▼
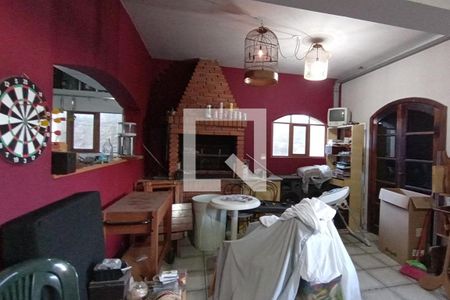 Casa à venda com 370m², 4 quartos e 4 vagas Casa à venda com 370m², 4 quartos e 4 vagasÁrea Gourmet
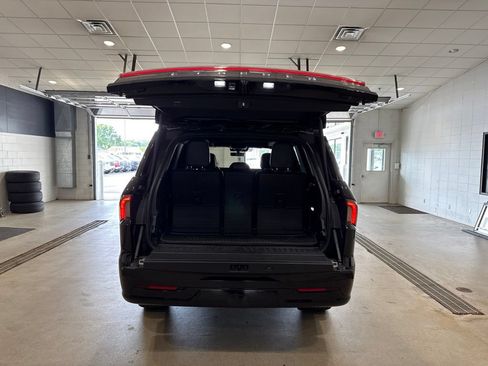 Used 2025 Lincoln Navigator Reserve w/ Jet Appearance Package AWD/4WD image 17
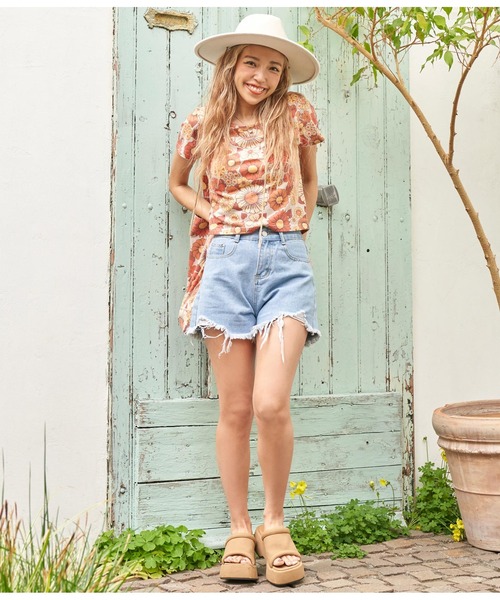 anap mimpi(アナップミンピ)の「レトロフラワーバックオープンTシャツ(Tシャツ/カットソー・レディース・ベージュ/ブラック・FREE)」の15枚目の写真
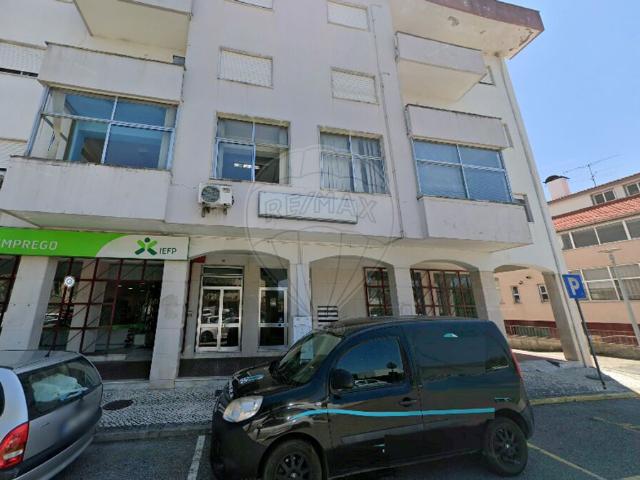 Garagem à venda em Tondela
▲
### What the task asks
Starting at the line with "Used 2025 Lincoln", transcribe the listing above exactly through its last line. No picture belongs in the transcription.

### Solution
 Used 2025 Lincoln Navigator Reserve w/ Jet Appearance Package AWD/4WD image 17
 anap mimpi(アナップミンピ)の「レトロフラワーバックオープンTシャツ(Tシャツ/カットソー・レディース・ベージュ/ブラック・FREE)」の15枚目の写真
 Garagem à venda em Tondela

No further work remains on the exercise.